■ REQUIRED ACTION:
Exactly as written, print out each entry in the data, with no pictures.

Brief descriptive captions:
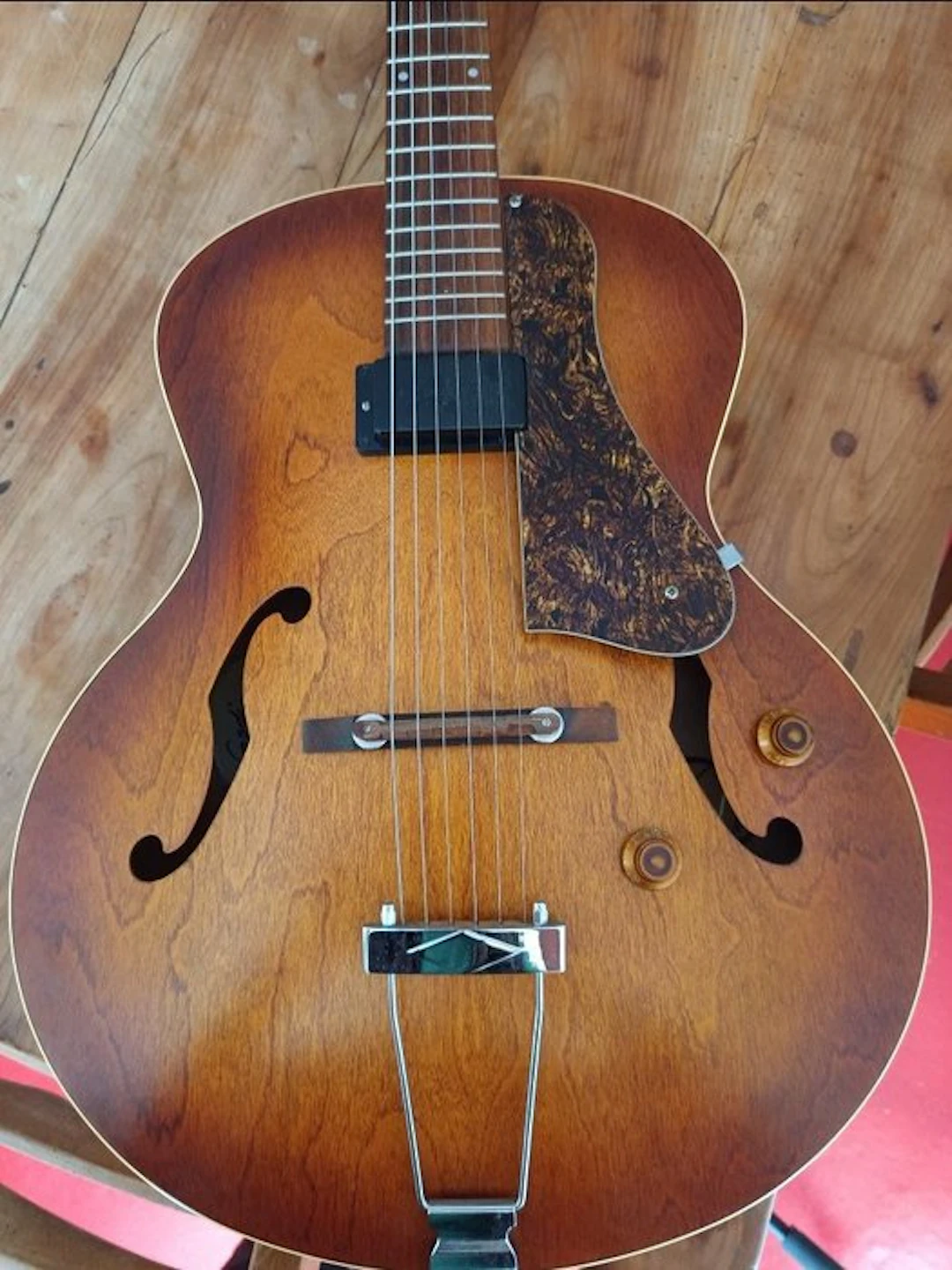 Godin - 5th Avenue - - Electric guitar - Canada - 2009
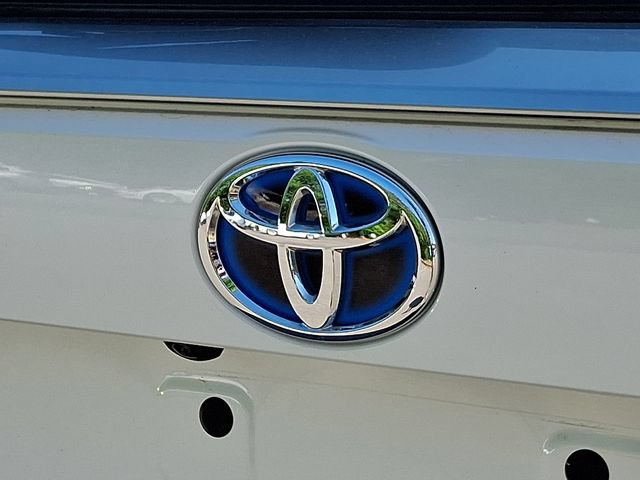 Used 2022 Toyota RAV4 XSE AWD/4WD image 34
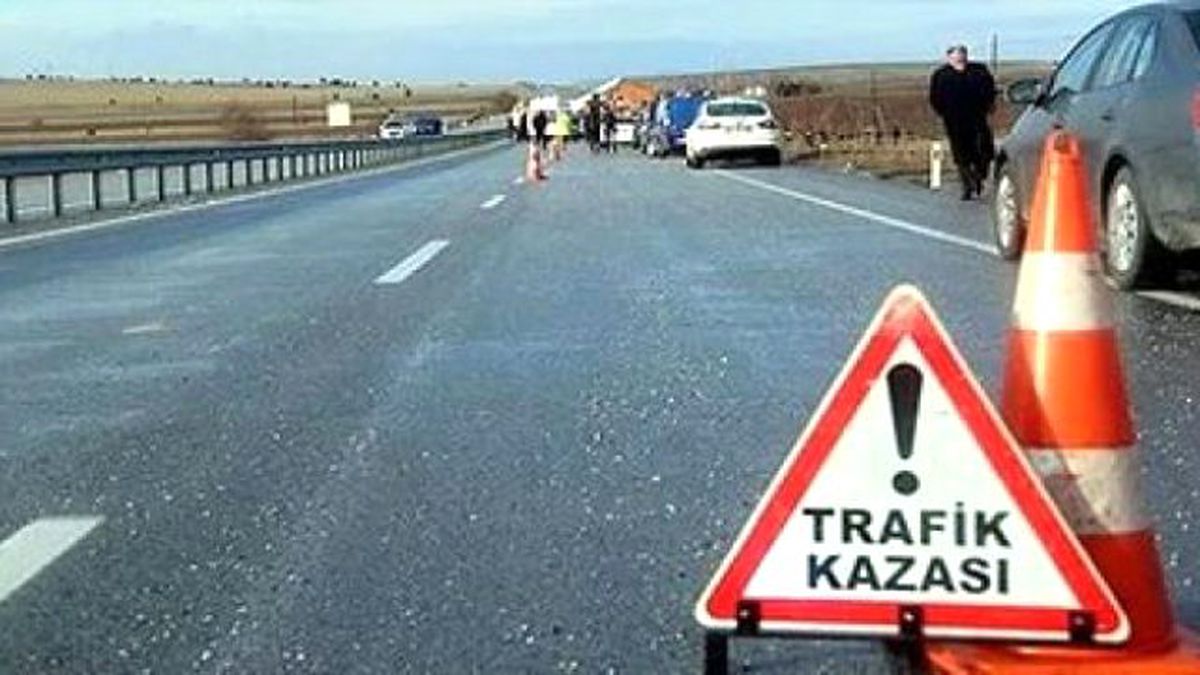 Çanakkale\'de Trafik Kazası: 1 Ölü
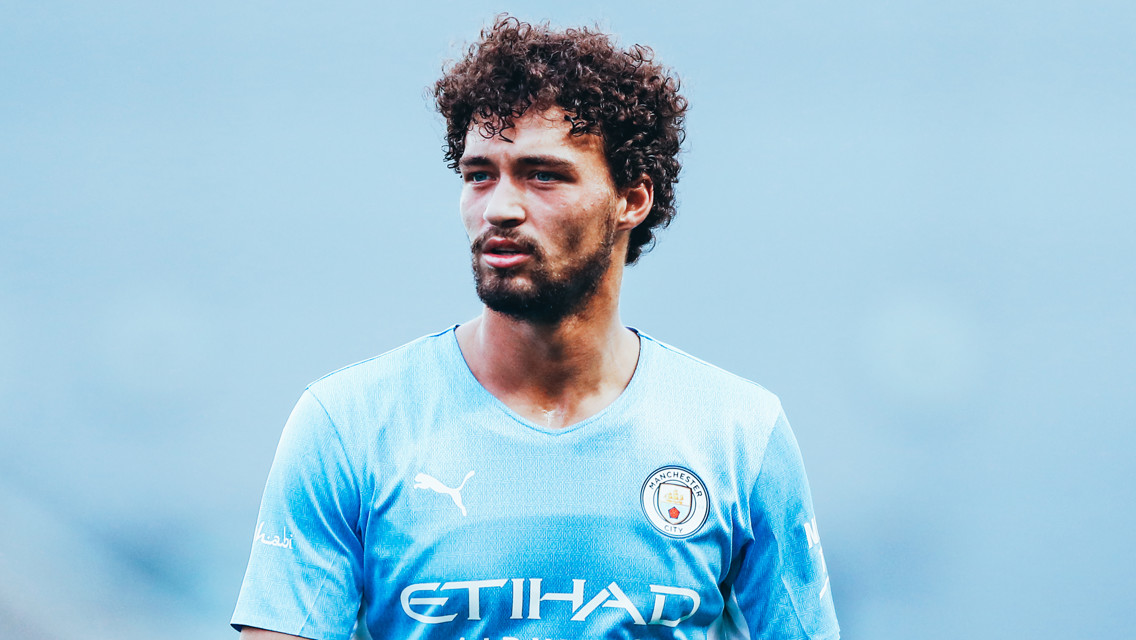 Sandler joins Feyenoord 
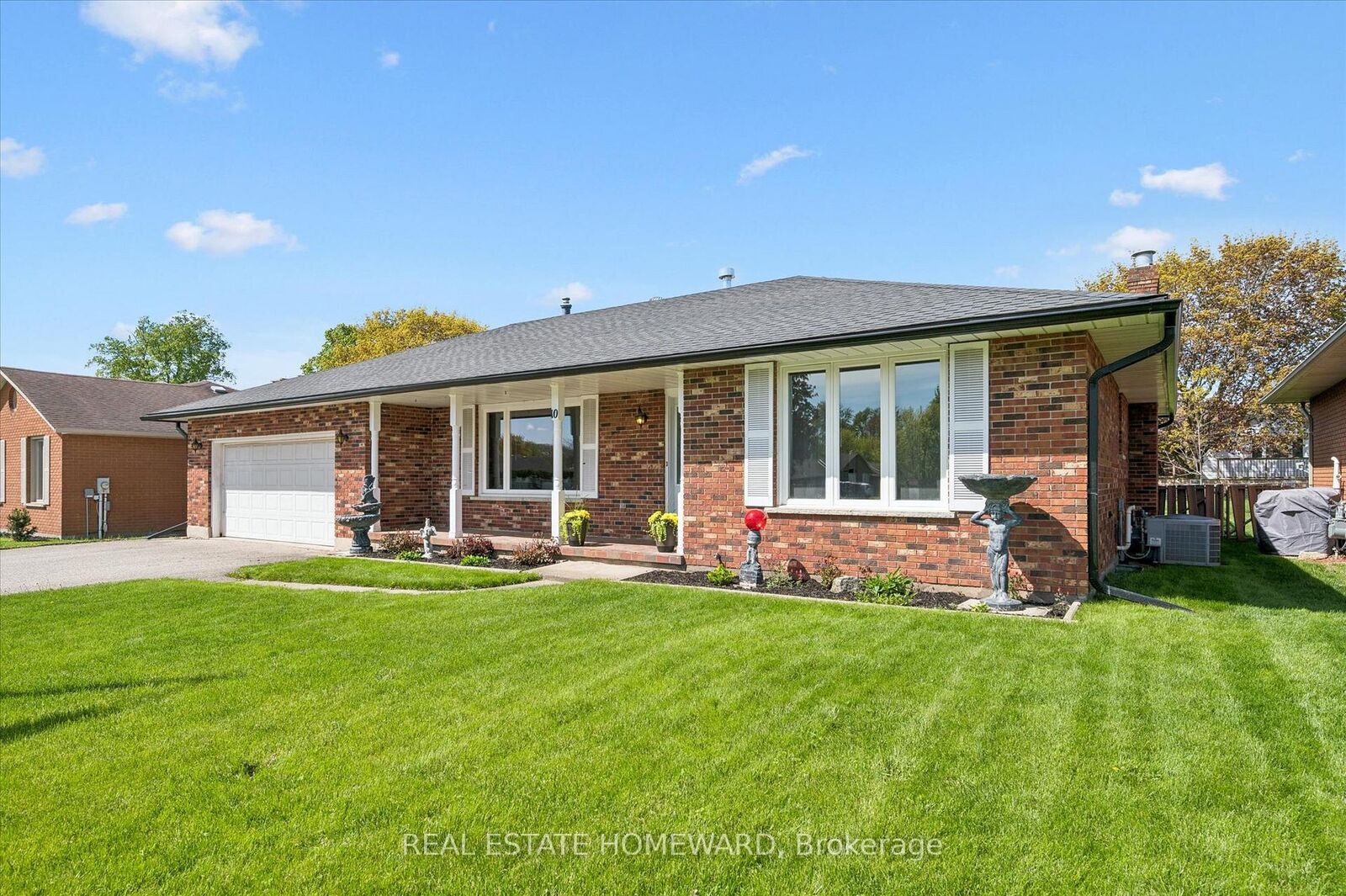 Property Photo: 10 Alexander Avenue ON N4G 2X9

■ EXPECTED OUTPUT:
 Godin - 5th Avenue - - Electric guitar - Canada - 2009
 Used 2022 Toyota RAV4 XSE AWD/4WD image 34
 Çanakkale\'de Trafik Kazası: 1 Ölü
 Sandler joins Feyenoord 
 Property Photo: 10 Alexander Avenue ON N4G 2X9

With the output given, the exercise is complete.